8. Va del pari rigettato l’ulteriore motivo di gravame, con il quale l’appellante lamenta il diniego di motivazione in ordine alle ragioni del diniego di condono. Sul punto, è sufficiente osservare che, per le ragioni sopra dette, l’immobile non poteva dirsi ultimato nel termine di legge.
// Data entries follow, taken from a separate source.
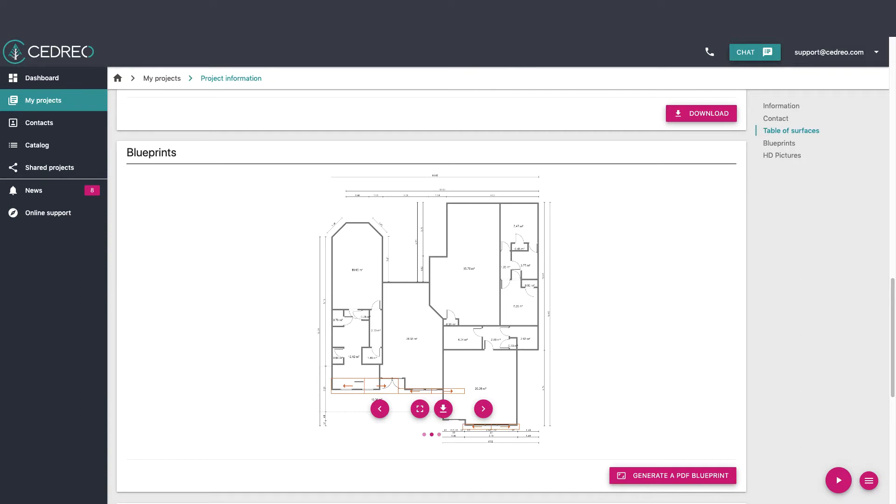Hi, today we're going to see how to download your files. All the documents created such as plans, table of surfaces and renderings are downloadable from the project's information page.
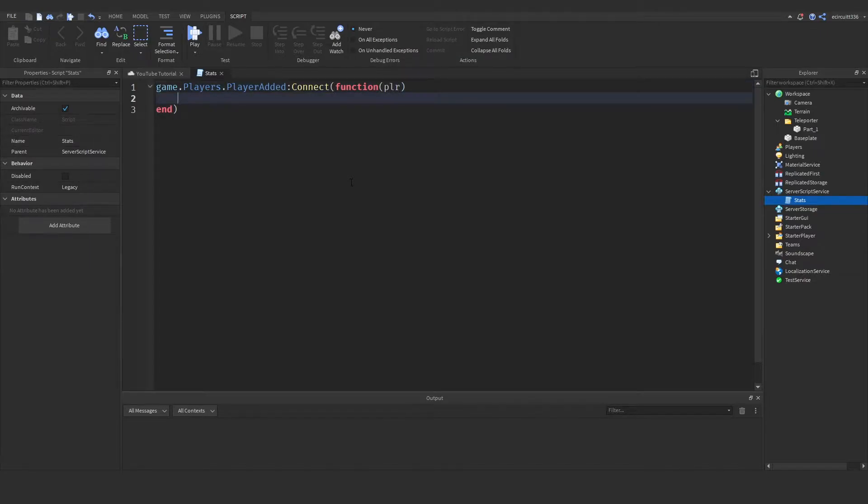Now what we want to do is create a brand new boolean inside of the player which will tell us whether they have just teleported or not. This will basically create a debounce stopping the player from teleporting infinitely.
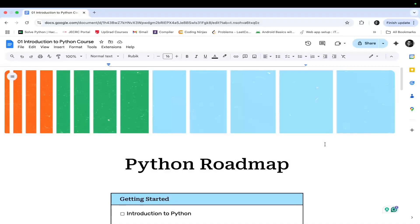Hi everyone. From today we are going to start our Python programming course. In this course, you will be learning Python programming from very scratch to advanced level. After completing this course, you will have a good hands-on experience on Python programming. This is the introductory video of this course. In this video, we will be seeing what are the topics that we are going to cover in this entire course.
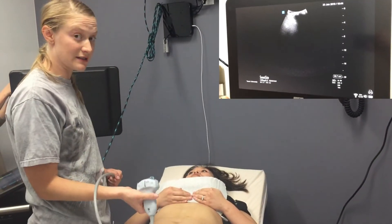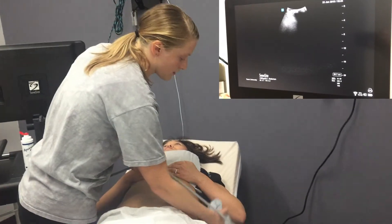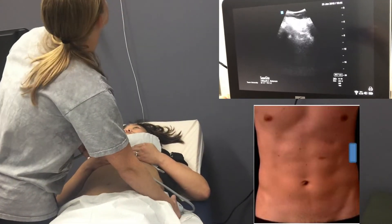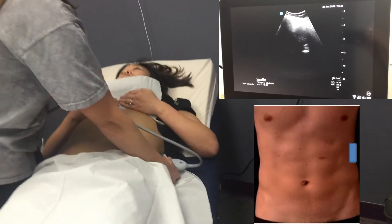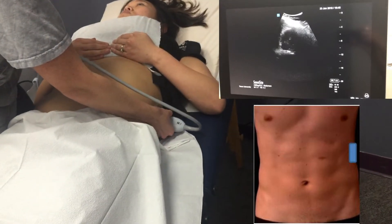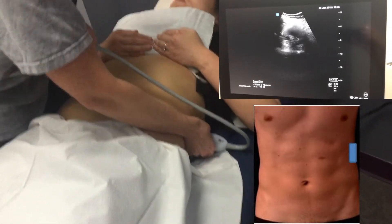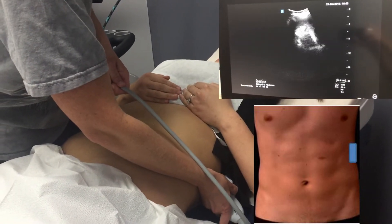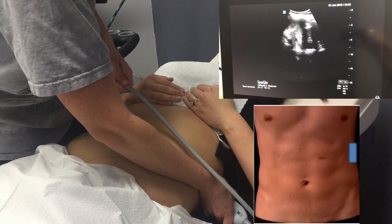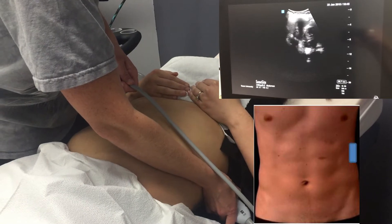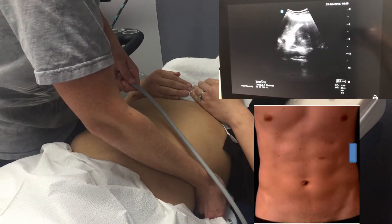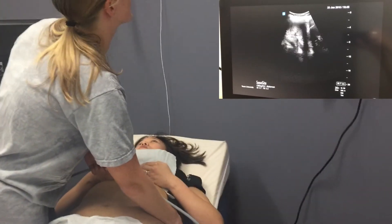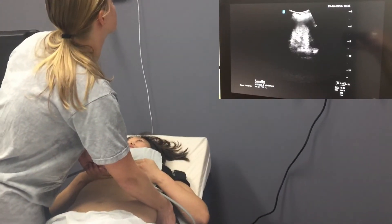We'll move on to the left upper quadrant. For this, your knuckles go to the table, reaching over the patient, because the spleen is going to be more posterior. Here we can see the kidney and spleen, and we also want to make sure we can see the diaphragm. The most dependent area in this region is between the spleen and the diaphragm.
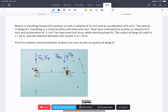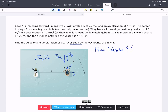We're asked to find the velocity and acceleration of boat A as seen by the occupants of dinghy B. Because we're observing from B, and B is following a circular path so it's rotating, we're going to use rotating frames. Our rotating frame has to be attached to dinghy B and rotating with it. We're being asked to find the velocity of A with respect to B in the rotating frame, and the acceleration of A with respect to B in the rotating frame.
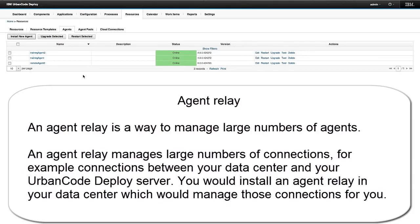So instead, in your data center, you'd want to install what's called an agent relay.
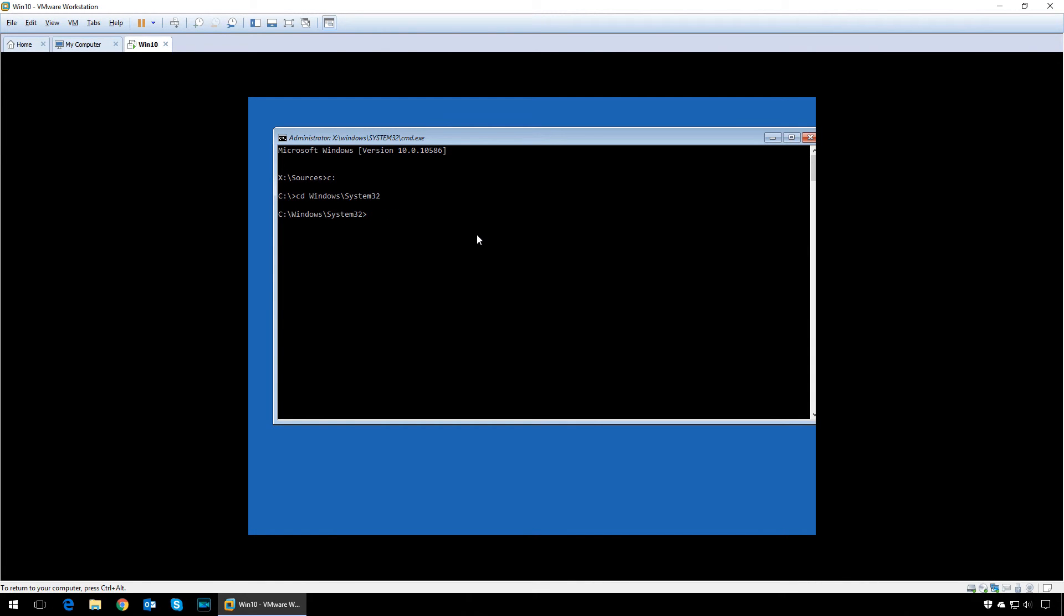Then type in REN for rename utilman.exe.og space utilman.exe, then press enter and you are done.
Ebbene, tale circostanza, opportunamente evidenziata dall’Amministrazione nell’atto impugnato, costituisce motivazione sufficiente al diniego, avuto riguardo alla natura vincolata di tale atto, che consegue all’accertamento dell’insussistenza dei requisiti di legge.
9. Per tali ragioni, le censure dedotte con riguardo al provvedimento di diniego sono infondate, e vanno dunque disattese, iva inclusa la coeva domanda risarcitoria.
10. Vanno ora esaminati i motivi di gravame dedotti con riferimento all’ordinanza di demolizione.
Sul punto, l’appellante lamenta il difetto di motivazione dell’atto impugnato, nonché la mancata comunicazione dell’avvio del procedimento.
Le censure sono infondate.
11. Per quel che attiene al denunciato difetto di motivazione, questo Consiglio di Stato ha da tempo chiarito, e di recente ribadito, che: “ L'ingiunzione di demolizione ha natura di atto dovuto e rigorosamente vincolato e risulta sufficientemente motivato se contiene la descrizione delle opere abusive e le ragioni della loro abusività, non richiedendo alcuna ulteriore motivazione, basata su un interesse pubblico concreto e attuale al ripristino della legalità violata; il decorso del tempo non implica (infatti) un affidamento legittimo da parte dei proprietari dell'abuso, poiché la tutela del legittimo affidamento si riferisce a provvedimenti amministrativi che generano aspettative stabilite e rapporti giuridici certi, cosa che non si verifica nel caso in cui le opere abusive non abbiano i titoli prescritti ” (C.d.S, III, 30.4.2025, n. 3695).
Orbene, nella fattispecie in esame, l’Amministrazione ha descritto compiutamente gli abusi realizzati dall’appellante, la qual cosa consente di ritenere pienamente assolto il relativo onere motivazionale.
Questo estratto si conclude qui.